In George Orwell’s 1984, Winston Smith wrestles with oppression in Oceania, a place where the Party scrutinizes human actions with ever-watchful Big Brother. Defying a ban on individuality, Winston dares to express his thoughts in a diary and pursues a relationship with Julia.
A major purpose of 1984 being written was to warn people of the dangers of totalitarian revolutions. Orwell witnessed the overthrow of several major empires to socialism and communism and felt frightened that it could happen to him and anyone else—especially with the rise of violent technologies and weapons.
Today, Nineteen Eighty-Four comes across not as a warning that the actual world of Winston and Julia and O’Brien is in danger of becoming reality. Rather, its true value is that it teaches us that power and tyranny are made possible through the use of words and how they are mediated.

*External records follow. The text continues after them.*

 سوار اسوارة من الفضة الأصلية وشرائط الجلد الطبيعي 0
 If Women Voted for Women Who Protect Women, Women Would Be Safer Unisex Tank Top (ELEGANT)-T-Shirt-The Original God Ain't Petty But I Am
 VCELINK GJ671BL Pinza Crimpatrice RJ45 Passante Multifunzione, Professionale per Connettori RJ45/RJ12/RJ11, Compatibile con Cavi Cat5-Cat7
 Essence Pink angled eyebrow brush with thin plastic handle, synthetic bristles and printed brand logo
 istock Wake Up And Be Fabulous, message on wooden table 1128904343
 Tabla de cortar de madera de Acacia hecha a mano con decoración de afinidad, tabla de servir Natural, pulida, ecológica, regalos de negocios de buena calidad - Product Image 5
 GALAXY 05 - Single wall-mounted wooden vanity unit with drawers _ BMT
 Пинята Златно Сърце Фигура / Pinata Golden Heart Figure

The last line of 1984 is, simply, “He loved Big Brother.” Big Brother becomes everything to Winston. In the final moment of the novel, Winston encounters an image of Big Brother and experiences a sense of victory because he now loves Big Brother. Winston’s total acceptance of Party rule marks the completion of the trajectory he has been on since the opening of the novel.
1984 explains the divide between the privileged class and the poor. The main character is described as part of the privileged class; he works for the government. His job is to erase and change history constantly so that no one know what truly happened, which is supposed to prevent an uprising from the people.